Delay it not

March 4, 2018 02:30 AM Republica


Cabinet expansion 

Two weeks after UML Chairman K P Sharma Oli made a resounding comeback with strong parliamentary support, his cabinet is serving with only six ministers. Despite the positive message the new government has sent by inducing persons like Yubaraj Khatiwada and Lal Babu Pandit as ministers, the vital task of giving full shape to the cabinet is taking unexpectedly long time. Oli’s selection of ministers like Khatiwada and Pandit has raised hopes among the people though their real test has only started. Unless this government takes full shape and starts working on a war footing on a wide range of issues such as governance, development and prosperity, the initial euphoria might fast turn into a source of disillusionment. This is why cabinet expansion should be taken up with urgency.

Understandably, cabinet expansion is not an easy fix. The left alliance took days to settle power-sharing issue between UML and Maoist Center—the two constituent parties of left alliance—which together have won nearly two-thirds majority in six out of seven provincial assemblies and the federal parliament. Now this matter has been sorted out. As of this writing, negotiations between left alliance and Upendra Yadav-led Federal Socialist Forum Nepal (FSFN) are underway and they are expected to reach a final deal on latter’s entry into the government.  Participation of FSFN in Oli’s government will send message of unity in Nepal’s plains. Thus this is a worthy initiative. However, negotiations remain stuck over constitution amendment, a complicated issue. The two sides must be flexible over the issue and agree on a framework that will be acceptable to wider section of Nepali population from mountains, hills and Tarai plains. Sticking to hard line, we are afraid, will further stall cabinet expansion.

The left parties are yet to complete cabinet expansion in most of the provinces—except in Province 3. This again won’t send a good message. These are not usual times in Nepali politics.  We are experimenting with federal system for the first time and the country has a whole host of issues to address—from the development, to framing of laws to delivery of basic services.  Delay in cabinet expansion will keep all these vital issues pending. Given the urgency of the task, ruling parties will have to work from the day one in making decisions and executing them.  Some ministers in central government—such as Pandit and Khatiwada—seem to be working to that end.
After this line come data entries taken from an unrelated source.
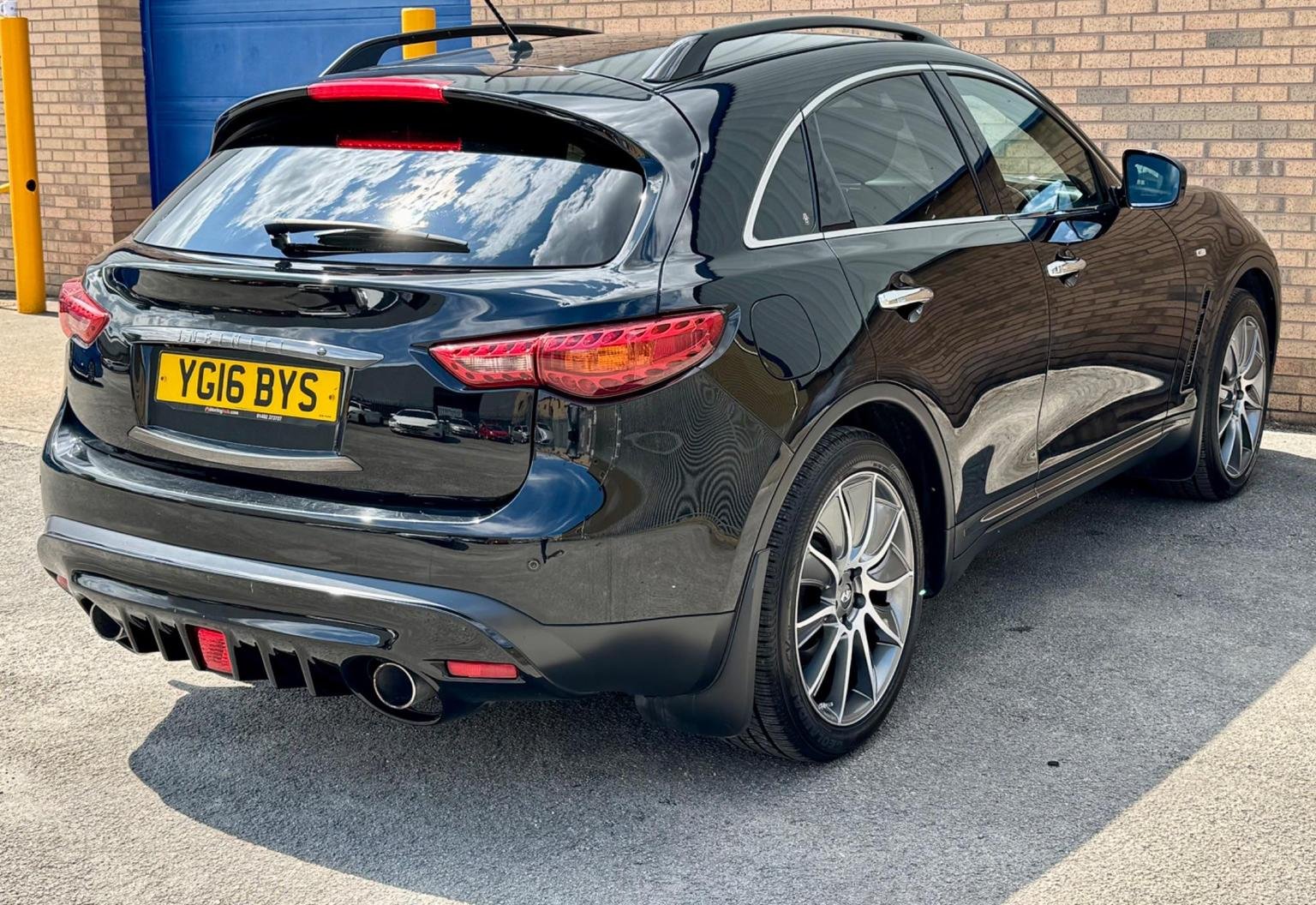 Infiniti QX70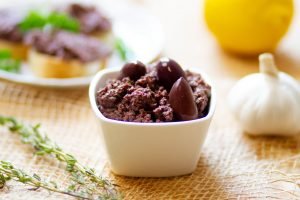 Tapenada czyli pasta z oliwek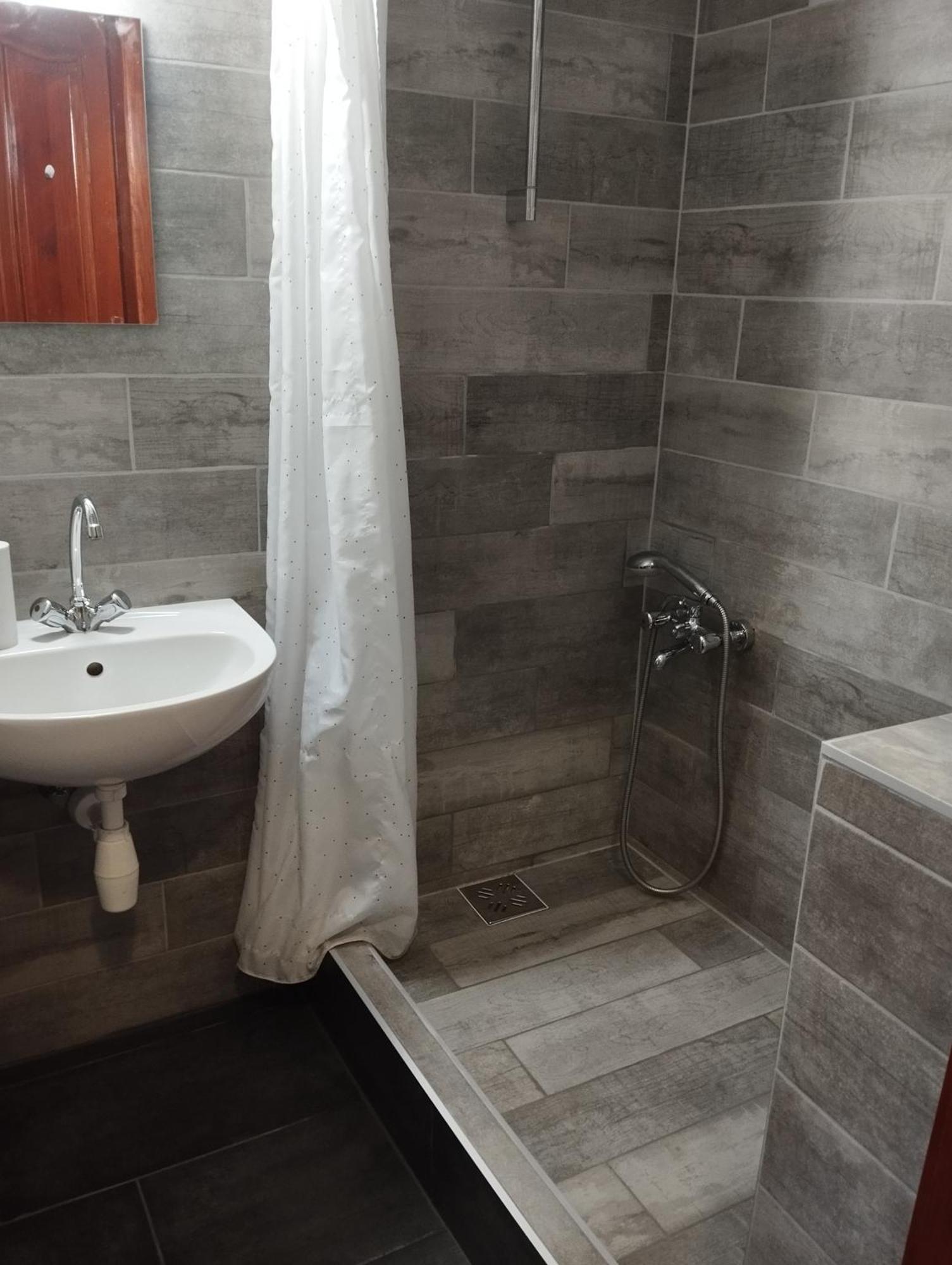 Hellasz Apartman Gyula Exteriér fotografie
This is appreciable. But more ministries will have to work in the same pace.  This is why it is extremely important for left alliance leaders and parties which are aspiring to join the government at the federal and provincial levels to sort out pending issues to give all governments—federal and provincial—full shape. People have a lot of expectations from new set of leaders at the helm of affairs. They need to work in way that meets these expectations. As Prime Minister Oli has repeatedly said in public, this government has no excuse at all in delaying much needed changes. People want to see a full-fledged government working with full of energy.